While we were coming across the Pacific last year, the anchor chain counter on Starry Horizons stopped working. I was quite reluctant to start taking things apart and potentially making things worse because while not having a working chain counter is annoying, not having a working windlass is a big problem. So it went on our “we’ll fix it when we get to New Zealand” list.
Well, we’ve finished the cyclone season in New Zealand and here is the saga of my attempts to fix it. But first a quick explanation of how the chain counter works. A magnet is fixed inside the bottom of gypsy (the part that grabs the chain) and as it goes around, it passes over a sensor that is located in the base of the windlass. The presence of the magnet over the sensor completes a circuit and thus each rotation of the gypsy is counted and (once calibrated!) the counter calculates how much chain is being lowered or raised.

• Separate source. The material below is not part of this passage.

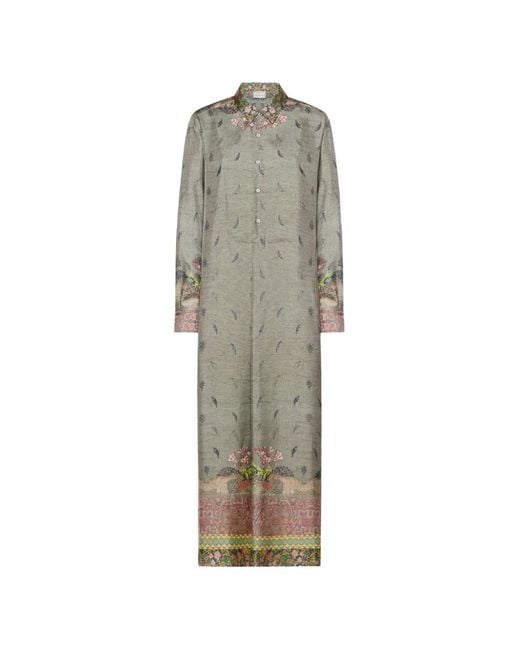 Pierre Louis Mascia Green Aloe Botanical-Print Maxi Shirt Dress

I did a bit of research before taking things apart (yay for having lots of internet!) and discovered that a common cause of this issue is that the magnet rusts away. Sure enough, upon inspection, I found that our magnet had rusted away. Figuring that it would be an easy fix to just replace the magnet, I used a spare magnet we had on board to test. Don’t laugh, but I used one of those clips we use to keep bags of cereal closed. Hey, whatever works right? The way to test this is to use a multi-meter and check for continuity. In the presence of the magnet, the circuit should close and complete the circuit.
Unfortunately, this didn’t fix the problem, which meant that not only did our magnet rust, but our sensor had gone bad. When FP installed the windlass in the first place, the sensor wiring was incorrectly run between the windlass platform and the base of the lower unit and this likely caused the failure of the sensor.Quick sells a sensor repair kit that includes both a new magnet and a new sensor so that was purchased and ready for us on one of our trips back to the States.

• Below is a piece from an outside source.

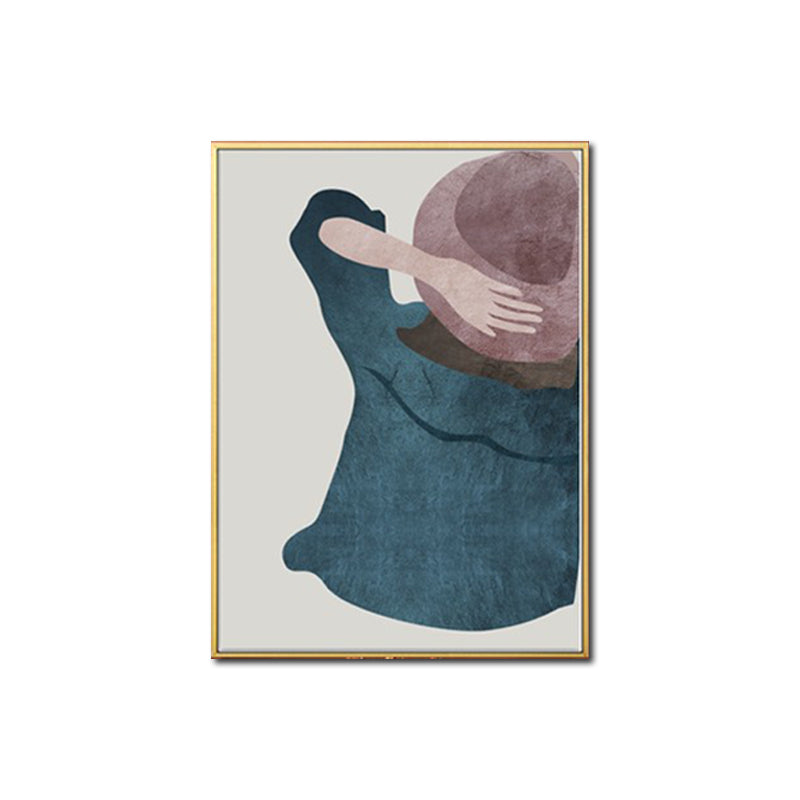 Minimalistic Fashion Girls Wall Art Pastel Color Textured Canvas for Living Room Clearhalo 'Arts' 'Canvas Art' 1638909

Now armed with both of the necessary components I set out to disassemble the windlass only to discover that that was neigh impossible. We have a Dylan model windlass and just removing the bolts from the lower unit required contorting in ways that I am most definitely not made to contort and once those bolts were off, the lower unit wouldn’t come off!Apparently, it has completely seized on the shaft and no amount of Corrosion X, banging on it or getting leverage with the tools I had on board was going to persuade it to move. Of course I was attempting this project after 30+ hours of travel back to New Zealand so my mind was incapable of thinking through alternative solutions. Fortunately, the internet came to my rescue again. Another Helia owner suggested that instead of accessing the sensor from the bottom, I just drill it out from the top. I had corresponded with Quick customer support and they had informed me that I could drill through the base of the lower unit if needed to get a cleaner run for the sensor wire. So since the sensor wasn’t working anyways, I figured: why not?

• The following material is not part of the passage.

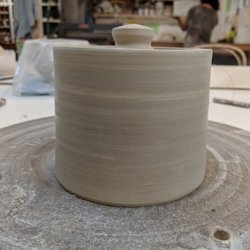 Ruby's Clay Studio & Gallery - Bmix lidded jar about to go into the wet room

The windlass itself is easy to take off and I used a 3/8″ drill bit which was the exact size needed to drill out the entire old plastic sleeve for the sensor.With the hole drilled it was time to tackle replacing the magnet in the gypsy. Since the old had rusted out, I used my Dremel to clean out the remaining junk. You’re supposed to use a 2 part epoxy to secure the magnet but before I did this, I wanted to confirm that it didn’t make a difference which way the magnet was installed. I took my multi-meter and checked the continuity of the sensor when both sides of the magnet was present. Fortunately, both sides worked so I didn’t need to worry.
However, when doing a test run of the magnet into the gypsy I discovered that the magnet sat flush with the edge. I wanted the magnet to be a bit inset so a layer of epoxy would provide a bit of protection. Solution? Drill out the hole a bit more.Next I whipped up a small batch of epoxy and secured the magnet. I let this dry for almost 24 hours to make sure it was good and cured before sanding it down, making it nice and aligned with the edge of the gypsy. Now it was back to the windlass to get the sensor in place. After cleaning up the windlass, I did one wrap of electrical tape around the sensor. This made it fit nice and snug in the plastic sleeve, but didn’t affect the function of the sensor (I checked!) and would let me remove it later if needed. Around the plastic sleeve, I put some more epoxy and slid it into the drilled out hole. At this point, I stopped for the day to let everything cure. The next day, I tackled the wiring. Blue to Black and Brown to Red. I held my breath as I ran the Sensor Status test on the chain counter display at the helm (found under the Utilities menu). Success! I finished up all the wiring connections, making sure everything was nice and heat shrinked and tucked up away where nothing could tug on the sensor wiring. Since the windlass was already taken apart, I took the opportunity while putting it back together to give it a good greasing. It runs nice and smooth! And finally, it was time for the real test: lowering the anchor. Since I had constantly tested each part of the process, I felt fairly confident, but I’ll still admit to a few whoops of joy when the chain counter actually fulfilled its stated purpose again!